[Extracted data Boundary: Start]

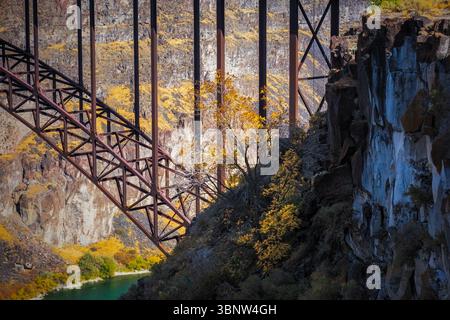 Die Kragarmbrücke aus Metall über den Snake River Canyon mit farbenfrohen Bäumen, die im Herbst auf den Felsen wachsen, Twin Falls, Idaho Stockfoto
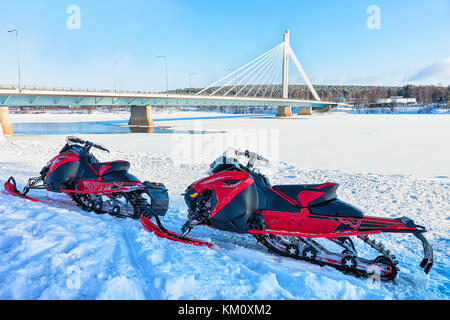 Schnee Mobiles an der Kerze Brücke in den zugefrorenen See im Winter Rovaniemi, Lappland, Finnland Stockfoto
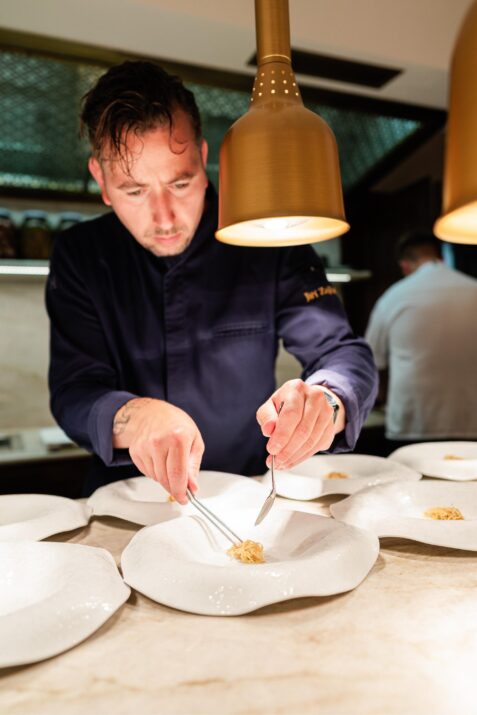 Kuchár pripravuje jedlo na tanieroch.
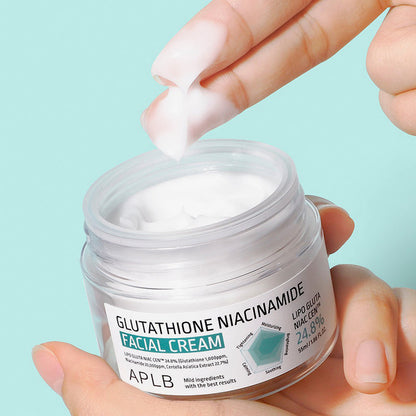 Hand applying facial cream from a jar labeled 'APLB' on a light blue background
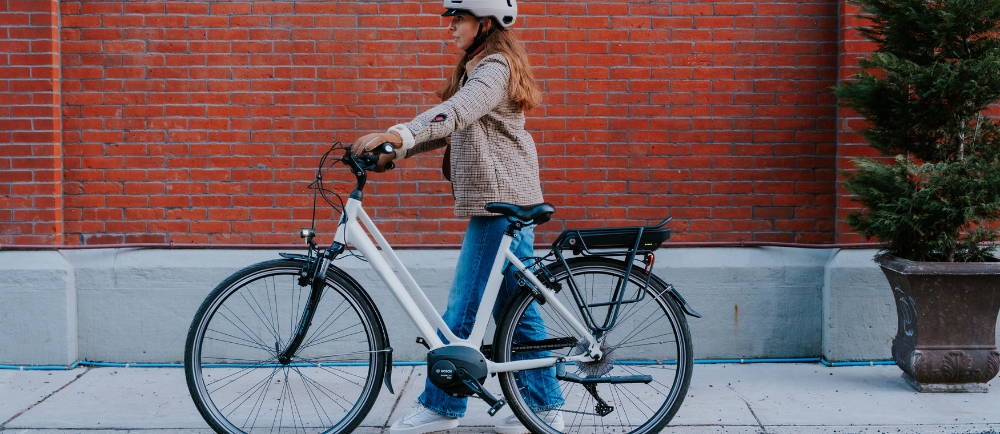 Woman walking alongside Gazelle Medeo electric bike
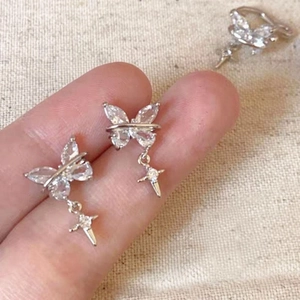 Close-up of zircon butterfly ear clips with starburst dangles for non-pierced ears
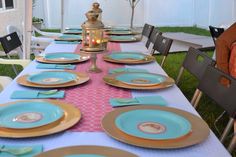 a table set up with blue and gold plates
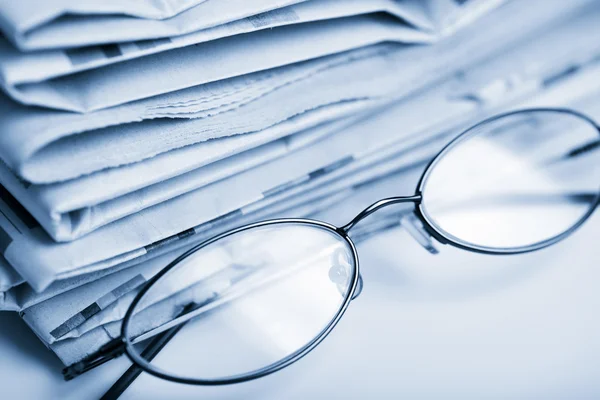 Zeitungen und Brillen blau getönt — Stockfoto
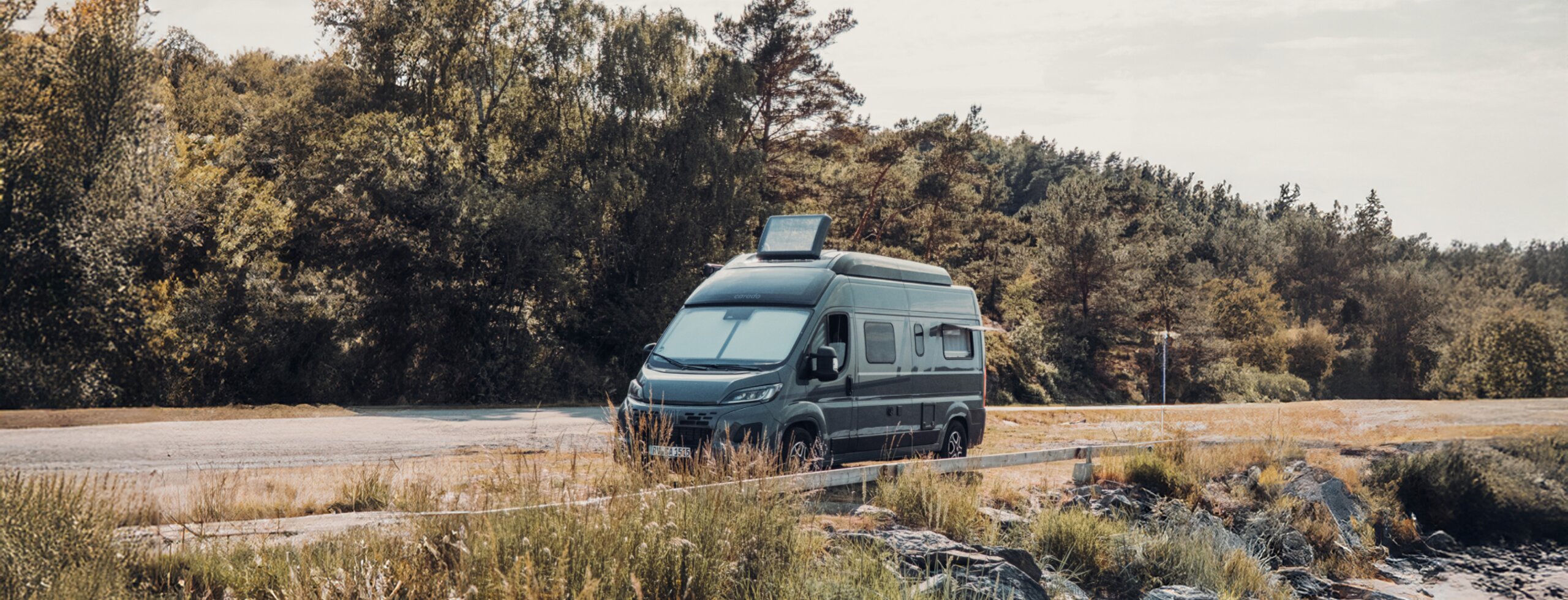 Carado motorhome parked by the roadside in a coastal landscape with rocks and trees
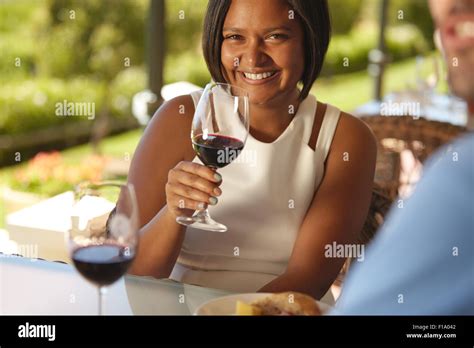 Sitting celebration food and drink holding wine glass drinking hi-res stock photography and ...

[Extracted data Boundary: End]

Your assignment: The answer must be an exact transcription of the lines from the one holding "Zeitungen und Brillen" to the last line of the entries above, with no pictures and nothing else.

Final answer:
 Zeitungen und Brillen blau getönt — Stockfoto
 Carado motorhome parked by the roadside in a coastal landscape with rocks and trees
 Sitting celebration food and drink holding wine glass drinking hi-res stock photography and ...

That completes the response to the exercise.